Hangi şartlar altında olurlarsa olsunlar bazı insanları ortak bir noktada birleştiren önemli bir benzerlik vardır; insanların büyük çoğunluğu mutsuz bir hayat sürmektedir. Peki neden bu insanlar mutsuzdur? Neden iç dünyalarında azap duyar, neden huzursuz bir yaşam sürerler?
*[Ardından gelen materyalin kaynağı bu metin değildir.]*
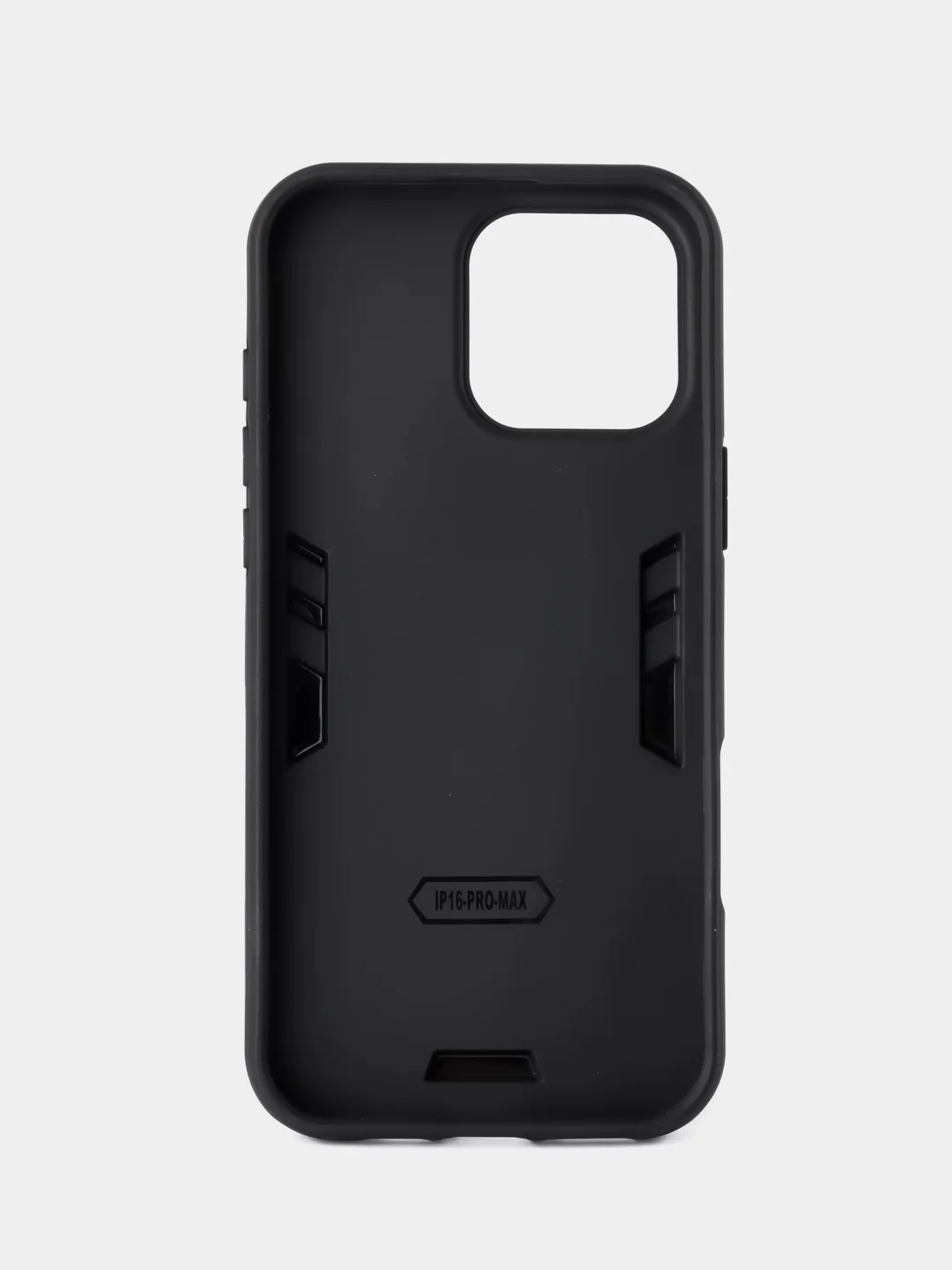 Синий чехол противоударный iPhone 16 Pro Max (Айфон), с металлической подставкой кольцом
Bu gibi insanların, en güzel nimetlerin içerisinde bile azap çekmelerinin ve mutsuz olmalarının nedeni, Allah’tan uzak bir hayat sürüyor olmalarıdır. Allah insanlara mutluluğu ancak iman ile verir, hayatın güzelliklerinden gerçek anlamda zevk alabilmelerini ancak bu şekilde mümkün kılar. Kuran’a uygun samimi bir iman olmadığı sürece, insanların hiçbir yolla, hiçbir yöntemle gerçek mutluluğu elde edebilmeleri mümkün değildir.
İşte bu kitapta bu önemli gerçeğe dikkat çekilmekte ve insanlar gerçek ve samimi imanı yaşamaya davet edilmektedirler. İnsanların, mutlu olabilmelerini, nimetlerden zevk alabilmelerini engelleyen ve kendilerini azaba sürükleyen bu sistemi, aslında kendi elleriyle oluşturdukları anlatılmaktadır. Mutsuzluktan ve gizli azaplardan kurtulabilmenin tek çözümünün, Allah’a samimi bir kalple iman etmek olduğu ortaya konmaktadır. Allah’a karşı bu mutlak samimiyet elde edilmediği sürece, insanların hiçbir yolla gerçek anlamda mutluluğu yaşayamayacakları ve dünyadaki bu gizli azapların ahirette sonsuz bir azaba dönüşebileceği hatırlatılmaktadır.